For accurately controlling the surface temperature of the fixing roller in a fixing device for color, an external heating section such as an external heating roller or an external heating belt that is in contact with the surface of the fixing roller is more suitable than an internal heating section such as a halogen lamp provided inside the fixing roller. Accordingly, it is important to control the temperature by the external heating section for controlling the surface temperature of the fixing roller to fall within a narrow temperature range.
For example, in one method for temperature control by the external heating section, contact/separation of the external heating section is controlled based on information of the surface temperature of the fixing roller so as to instantly raise or lower the surface temperature of the fixing roller. It is possible to control the surface of the fixing roller at a predetermined temperature by bringing the external heating section into contact with the fixing roller to increase the surface temperature of the fixing roller or separating the external heating section from the fixing roller to prevent overheating of the fixing roller according to a print mode.
However, there is also a problem in the contact/separation operation for the external heating section. The fixing roller having the external heating section is generally provided with the cleaning section as described above on the upstream side of the external heating section in a rotational direction of the fixing roller. Even when offset phenomena are caused, the cleaning section reduces much of the toner contamination on the fixing roller. However, since the cleaning capability of the cleaning section is not perfect, the toner contamination accumulates on the external heating section that is in contact with the fixing roller. As the toner accumulates on the external heating member to a certain extent, the toner adhering to the external heating section is sometimes peeled from the external heating section collectively and transferred to the fixing roller by the vibration caused when the external heating section is brought into contact with the fixing roller. When a certain quantity of toner is transferred from the external heating section to the surface of the fixing roller, the toner adheres to the recording paper during paper passing by the fixing roller, thus causing a problem that the print face is contaminated.
In order to solve the problem, as shown in the JP-A 2007-304440, a fixing device has been proposed that is provided with a control section that controls the contact/separation section so as to bring the external heating section into contact with the fixing roller at such a timing that an initial contact portion, which is a portion of the external heating section on the fixing roller where the external heating section is initially brought into contact with the fixing roller, does not make contact with the recording paper in one rotation of the fixing member.
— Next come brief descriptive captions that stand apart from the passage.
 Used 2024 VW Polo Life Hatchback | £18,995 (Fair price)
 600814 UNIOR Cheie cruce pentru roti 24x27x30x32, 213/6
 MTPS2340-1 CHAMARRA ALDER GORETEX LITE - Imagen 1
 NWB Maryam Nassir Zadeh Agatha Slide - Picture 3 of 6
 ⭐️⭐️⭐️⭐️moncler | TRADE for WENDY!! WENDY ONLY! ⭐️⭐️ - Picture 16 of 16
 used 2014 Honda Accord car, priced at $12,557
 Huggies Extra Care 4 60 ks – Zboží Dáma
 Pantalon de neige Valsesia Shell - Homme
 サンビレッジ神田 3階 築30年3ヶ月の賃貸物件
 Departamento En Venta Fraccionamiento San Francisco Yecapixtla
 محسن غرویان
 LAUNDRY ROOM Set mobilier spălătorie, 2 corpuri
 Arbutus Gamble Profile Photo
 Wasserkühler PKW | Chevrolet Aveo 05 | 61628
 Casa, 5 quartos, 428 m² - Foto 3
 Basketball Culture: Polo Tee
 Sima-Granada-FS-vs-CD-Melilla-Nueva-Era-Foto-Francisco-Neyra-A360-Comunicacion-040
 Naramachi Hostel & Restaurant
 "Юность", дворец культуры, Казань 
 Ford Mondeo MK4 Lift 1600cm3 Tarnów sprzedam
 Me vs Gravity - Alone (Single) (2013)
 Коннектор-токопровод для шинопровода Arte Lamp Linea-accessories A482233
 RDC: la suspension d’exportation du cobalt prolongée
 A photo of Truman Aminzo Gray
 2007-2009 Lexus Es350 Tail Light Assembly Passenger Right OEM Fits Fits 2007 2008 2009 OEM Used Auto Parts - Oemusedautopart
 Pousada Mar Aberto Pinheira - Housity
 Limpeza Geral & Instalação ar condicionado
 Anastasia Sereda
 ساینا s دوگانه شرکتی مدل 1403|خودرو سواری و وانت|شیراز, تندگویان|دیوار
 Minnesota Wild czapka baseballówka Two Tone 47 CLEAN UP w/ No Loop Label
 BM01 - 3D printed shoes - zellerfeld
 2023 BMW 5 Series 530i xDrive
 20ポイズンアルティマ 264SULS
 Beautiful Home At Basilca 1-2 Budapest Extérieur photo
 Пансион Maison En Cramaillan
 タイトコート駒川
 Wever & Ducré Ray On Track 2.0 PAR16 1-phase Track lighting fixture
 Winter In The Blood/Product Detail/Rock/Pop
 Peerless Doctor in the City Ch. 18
However, in the invention of the JP-A 2007-304440, since the external heating section is not provided with a cleaning section, the control of the contact/separation operation of the external heating section for the fixing section is more complicated in order to further prevent adhesion of toner and the like to the external heating section. Further, even when the adhesion of the toner and the like to the external heating section can be prevented completely, a cleaning web for cleaning the fixing roller is essential and the apparatus becomes large by arranging the cleaning web.